Human-Centric Computer Vision for the Artificial Intelligence of Things

Doctoral Candidate Name: 
Christopher Neff
Program: 
Electrical and Computer Engineering
Abstract: 

This dissertation presents a comprehensive exploration of innovative approaches and systems at the intersection of edge computing, deep learning, and real-time video analytics, with a focus on real-world computer vision for the Artificial Intelligence of Things (AIoT). The research comprises four distinct articles, each contributing to the advancement of AIoT systems, intelligent surveillance, lightweight human pose estimation, and real-world domain adaptation for person re-identification.

The first article, REVAMP2T: Real-time Edge Video Analytics for Multicamera Privacy-aware Pedestrian Tracking, introduces REVAMP2T, an integrated end-to-end IoT system for privacy-built-in decentralized situational awareness. REVAMP2T presents novel algorithmic and system constructs to push deep learning and video analytics next to IoT devices (i.e. video cameras). On the algorithm side, REVAMP2T proposes a unified integrated computer vision pipeline for detection, reidentification, and racking across multiple cameras without the need for storing the streaming data. At the same time, it avoids facial recognition, and tracks and reidentifies pedestrians based on their key features at runtime. On the IoT system side, REVAMP2T provides infrastructure to maximize hardware utilization on the edge, orchestrates global communications, and provides system-wide re-identification, without the use of personally identifiable information, for a distributed IoT network.

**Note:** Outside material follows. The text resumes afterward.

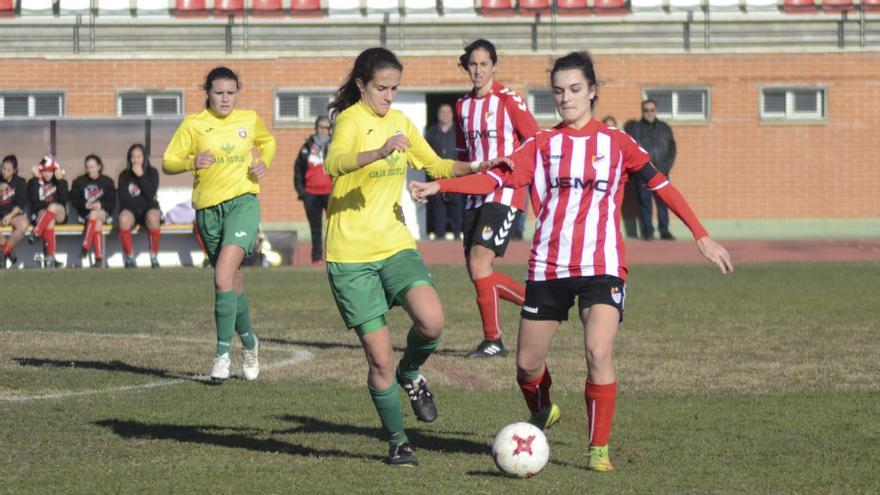 Lucía lucha por un balón.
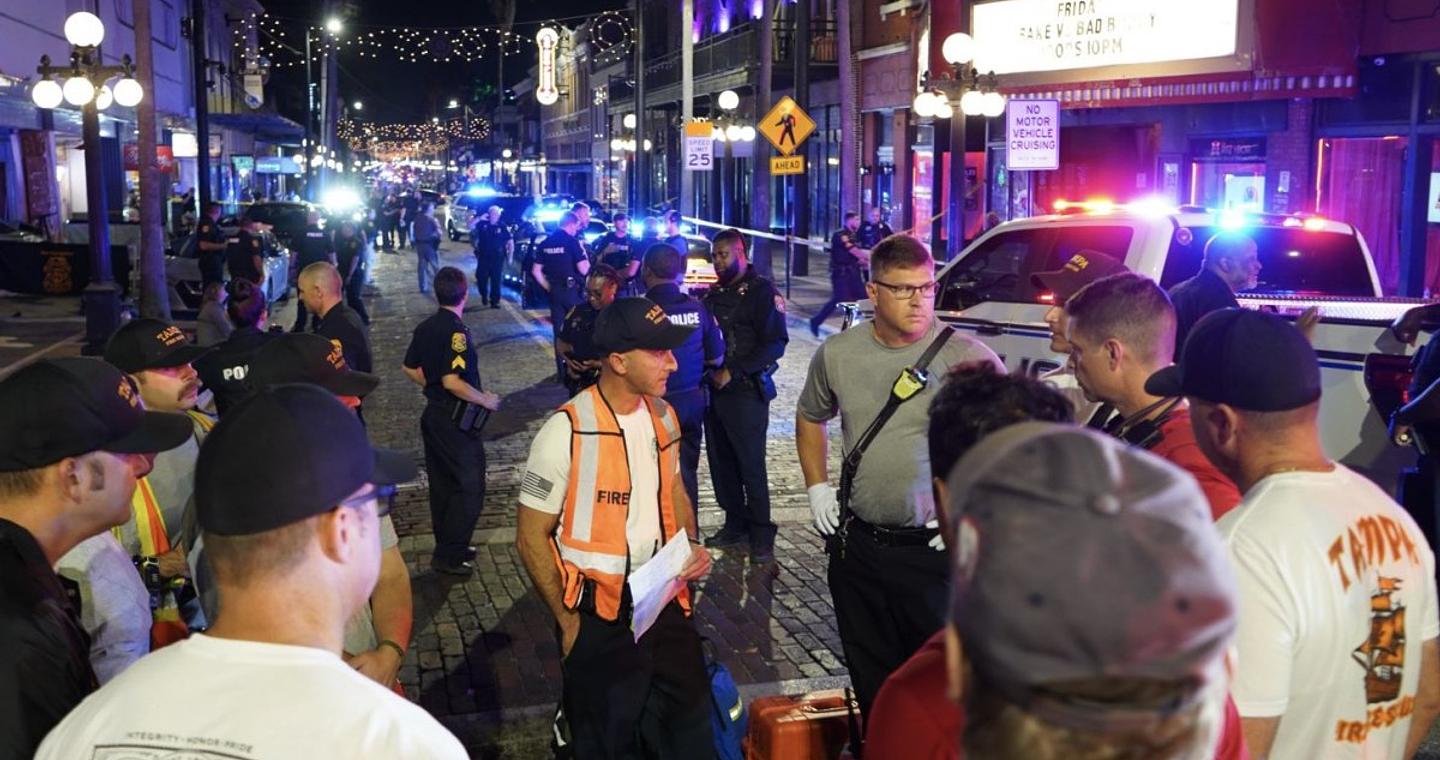 ΗΠΑ: Τραγική κατάληξη καταδίωξης στην Τάμπα – Αυτοκίνητο «καρφώθηκε» σε μπαρ, 4 νεκροί, 11 τραυματίες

For the results and evaluation, this article also proposes a new metric, Accuracy•Efficiency (Æ), for holistic evaluation of AIoT systems for real-time video analytics based on accuracy, performance, and power efficiency. REVAMP2T outperforms current state-of-the-art by as much as thirteen-fold Æ improvement.

The second article, Ancilia: Scalable Intelligent Video Surveillance for the
Artificial Intelligence of Things, presents an end-to-end scalable intelligent video
surveillance system tailored for the Artificial Intelligence of Things. Ancilia brings
state-of-the-art artificial intelligence to real-world surveillance applications while respecting ethical concerns and performing high-level cognitive tasks in real-time. Ancilia aims to revolutionize the surveillance landscape, to bring more effective, intelligent, and equitable security to the field, resulting in safer and more secure communities without requiring people to compromise their right to privacy.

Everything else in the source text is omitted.